The inspiration for RetroVision came from a very real pain point I experienced firsthand: retrospective fatigue.

As a developer working in an agile team, I've sat through countless 2-hour retrospective meetings where we manually scrolled through Jira boards, trying to remember what happened during the sprint. We'd count issues by hand, debate completion rates, and struggle to identify meaningful patterns. Half the team would zone out, checking their phones, because the process was so tedious.

The worst part? Despite spending hours on these meetings, we rarely walked away with actionable insights.
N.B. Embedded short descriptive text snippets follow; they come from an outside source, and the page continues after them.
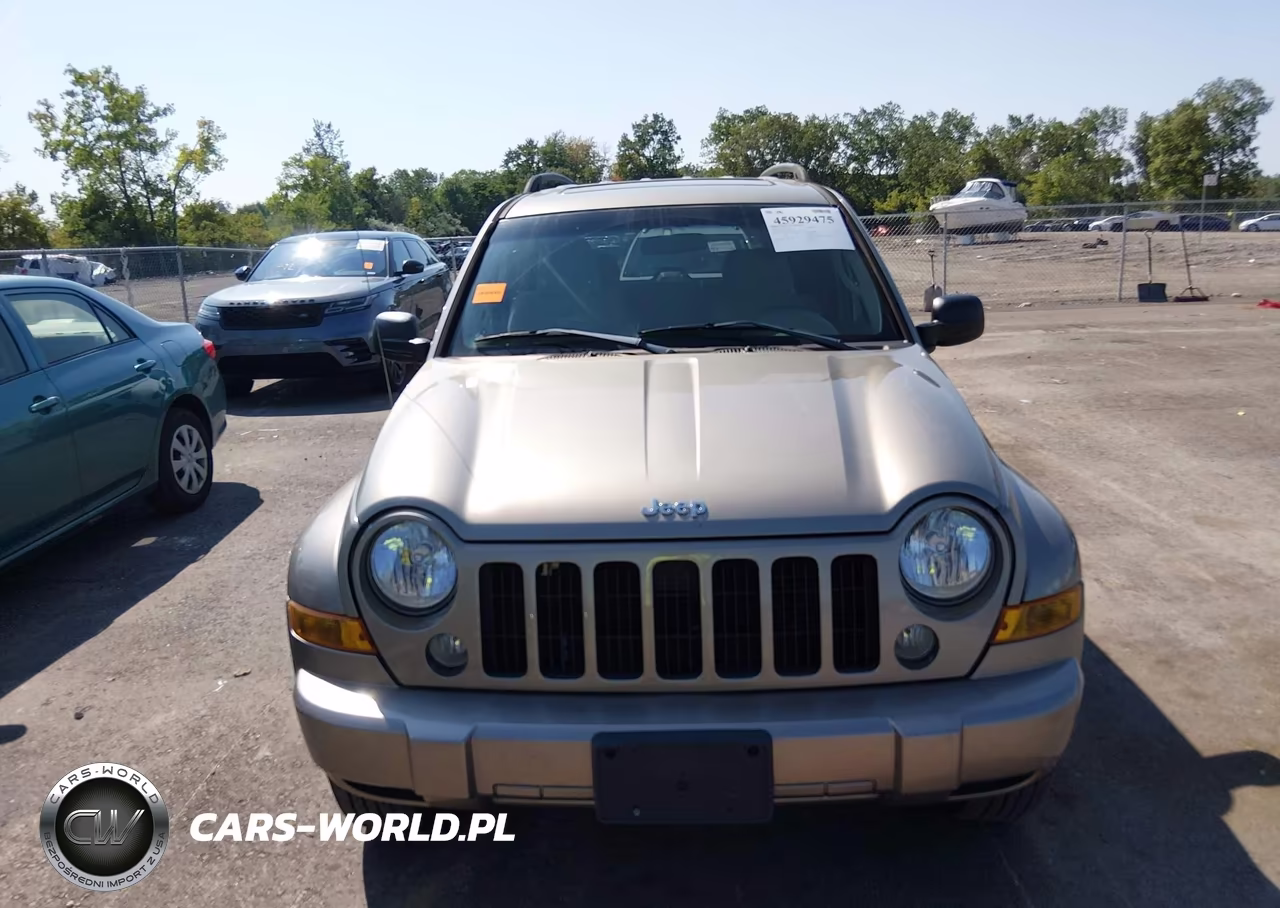 2006 Jeep Liberty Sport VIN:1J4GL48K56W227252 - 12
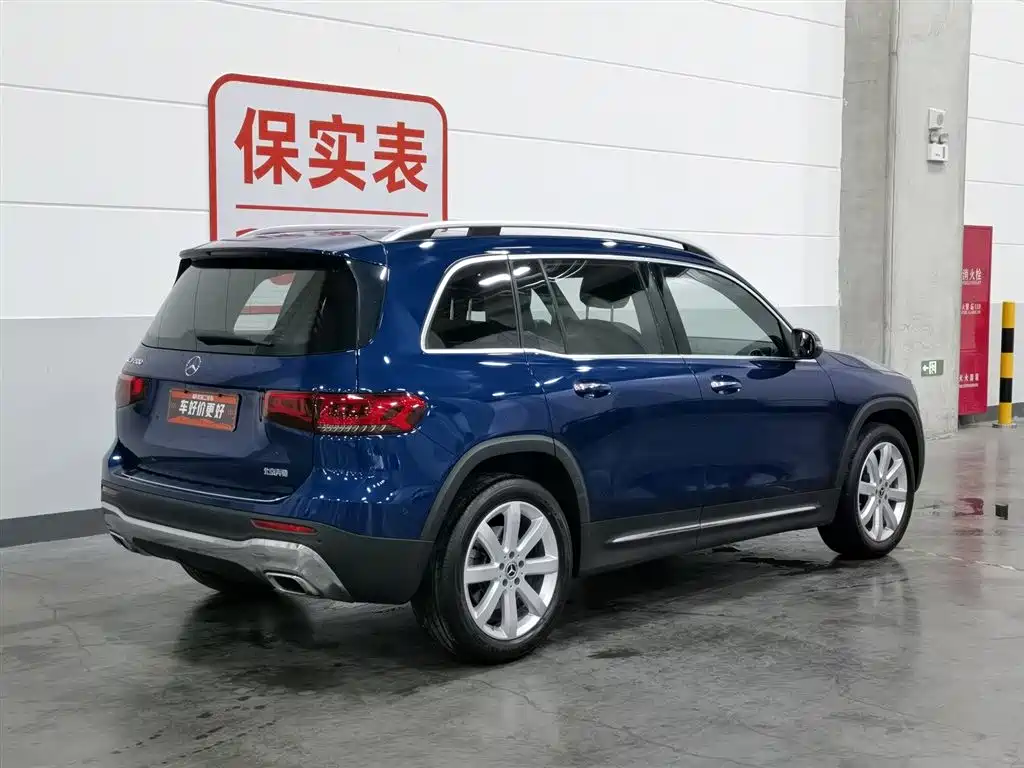 Mercedes-Benz GLB 2020 GLB 200 Fashion фото 2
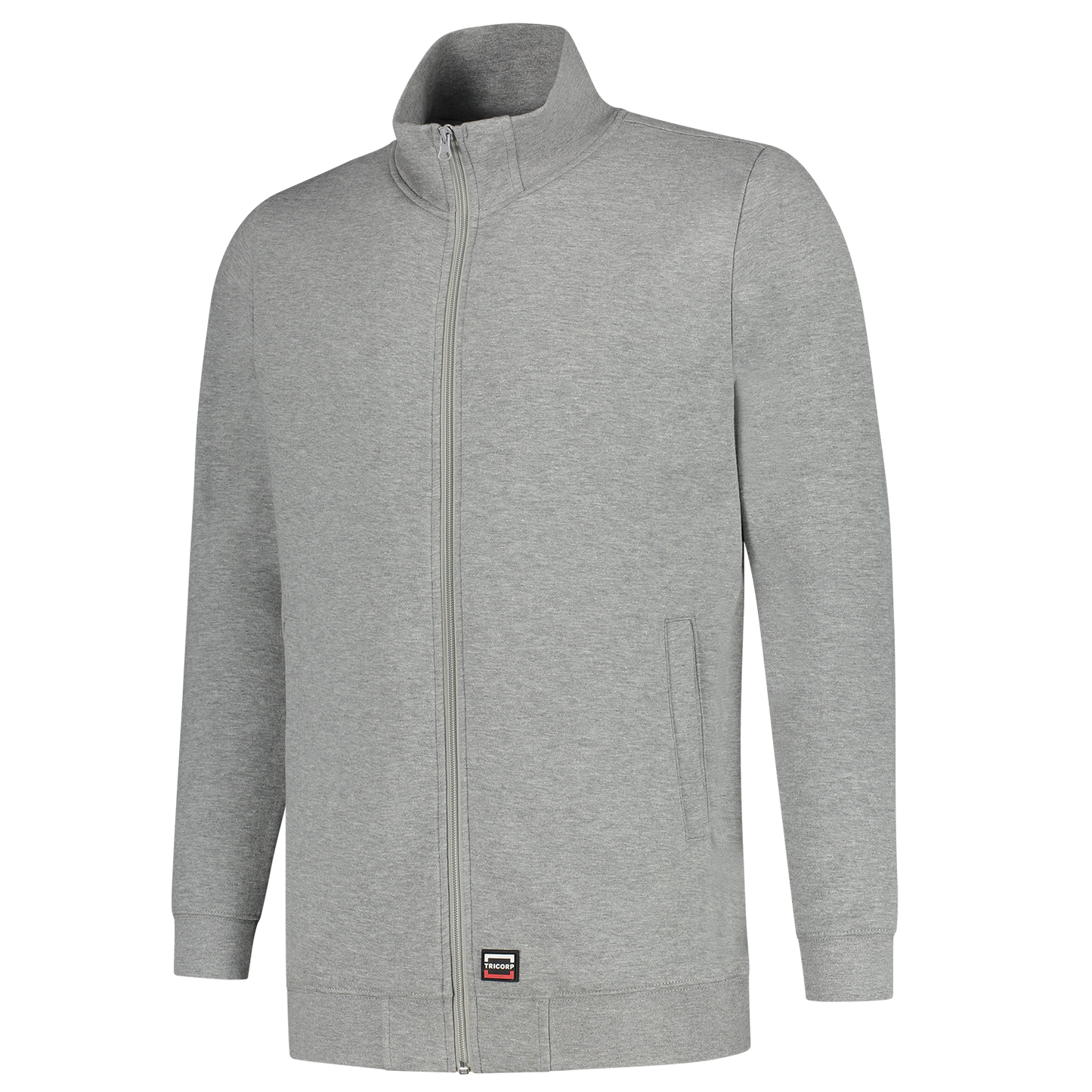Tricorp Casual 60 Graden Vesten 301017 grijs melange(greymel)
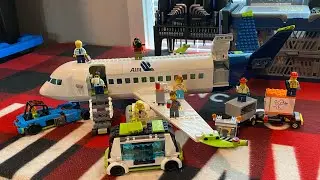 Lego 60367 Passenger Airplane Toy Building #lego #legocity #airplane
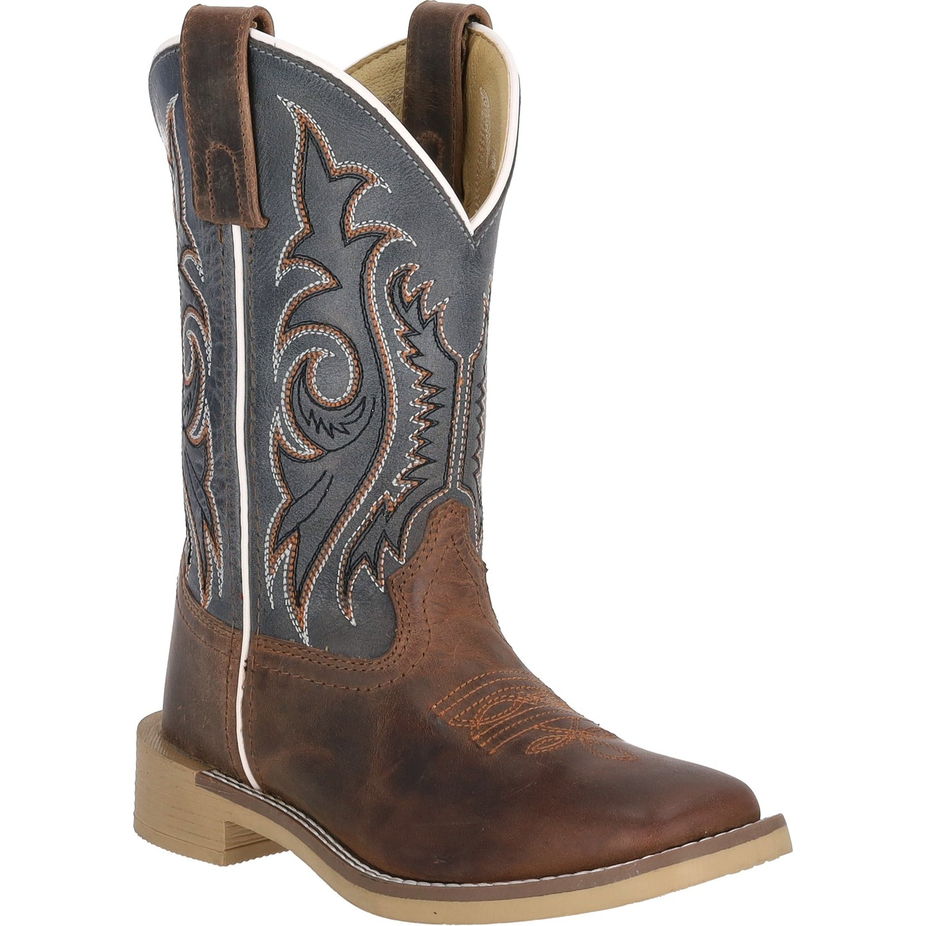 Kids Frisco Brown Vintage Grey Boot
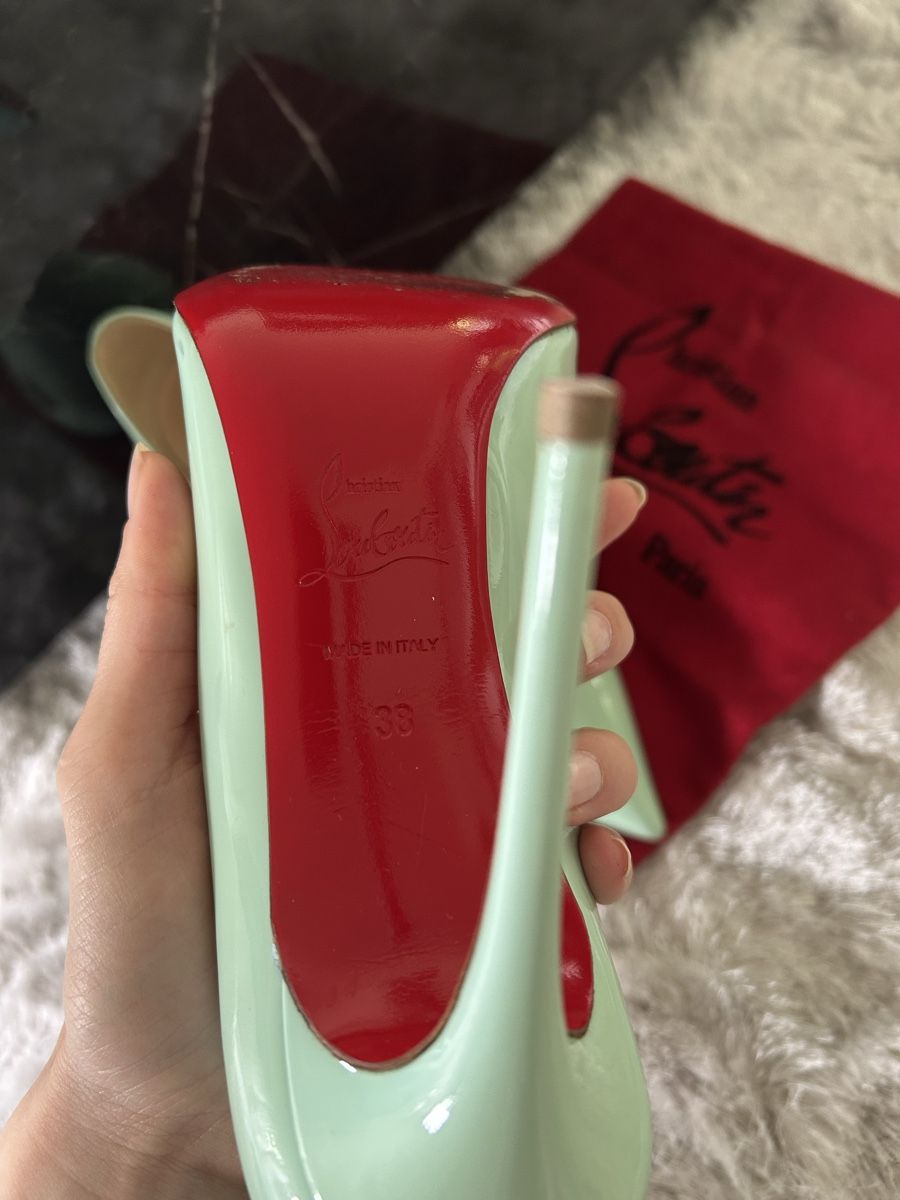 Christian Louboutin Scarpe da donna: Louboutin Heels Gr. 38 – Usato da Oberrieden venduto da Mlew 3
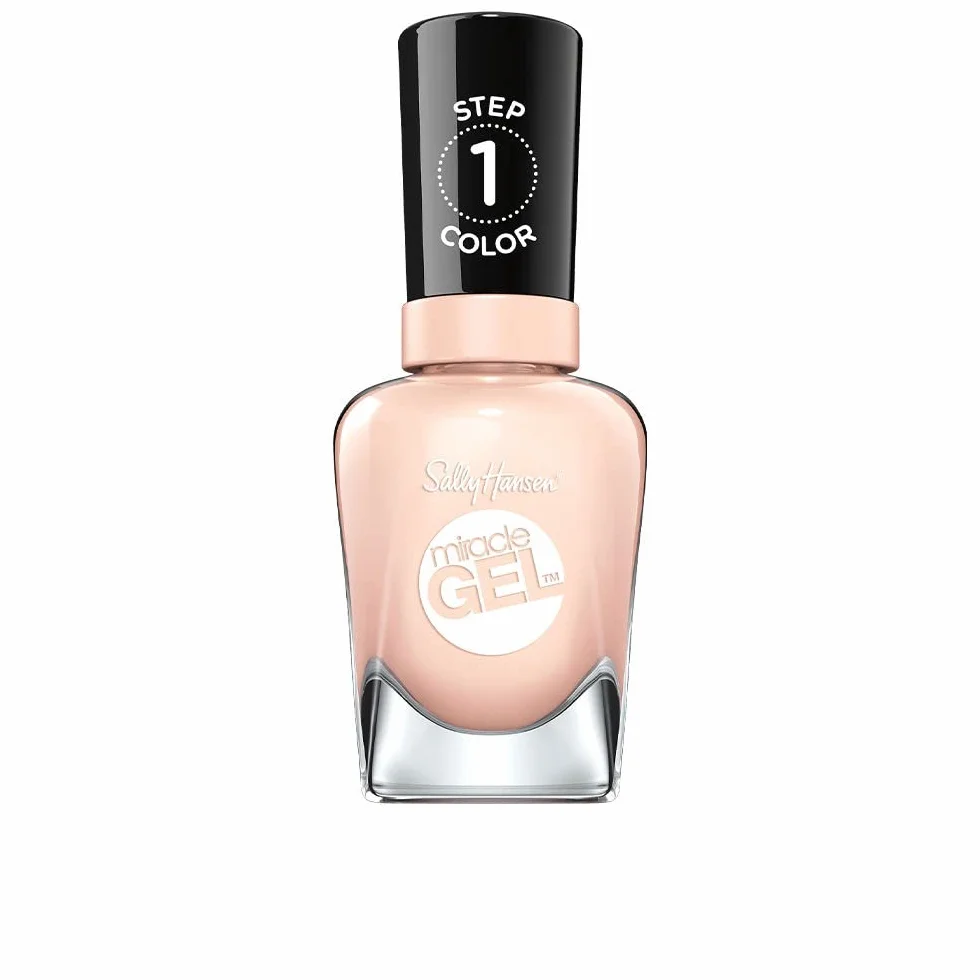 Sally Hansen Miracle Gel żelowy lakier do paznokci, długotrwały, trwałość do 14 dni, nr 187 - Sheer Happiness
We'd say generic things like "communication could be better" or "we need to reduce blockers," but we had no data-driven evidence to back it up or prioritize what to fix first.

I thought: "What if we could automate this entire process?" What if instead of spending 2 hours manually analyzing data that already exists in Jira, we could get instant, categorized insights with specific recommendations?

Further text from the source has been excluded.